REQUIREMENT: Every line below from the one containing "CINTA LUAR BIASA(lirik)ANDMESH" through the one containing "Cover for Ahmad" must be transcribed exactly. Omit all lines outside that stretch.

TASK INPUT:
○ ○ ○

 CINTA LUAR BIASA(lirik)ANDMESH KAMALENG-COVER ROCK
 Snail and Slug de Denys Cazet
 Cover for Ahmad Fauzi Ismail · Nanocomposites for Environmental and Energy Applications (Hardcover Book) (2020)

○ ○ ○

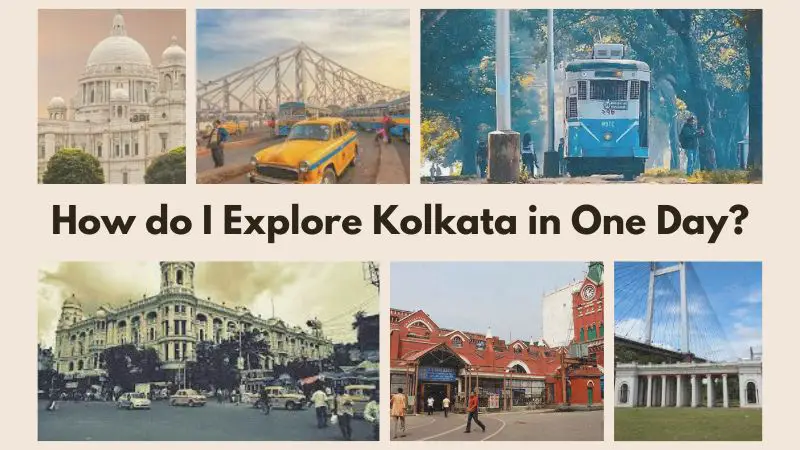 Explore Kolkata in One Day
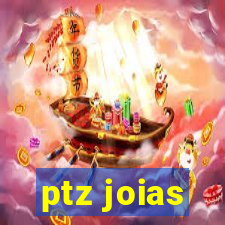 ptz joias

○ ○ ○

WRITTEN SOLUTION:
 CINTA LUAR BIASA(lirik)ANDMESH KAMALENG-COVER ROCK
 Snail and Slug de Denys Cazet
 Cover for Ahmad Fauzi Ismail · Nanocomposites for Environmental and Energy Applications (Hardcover Book) (2020)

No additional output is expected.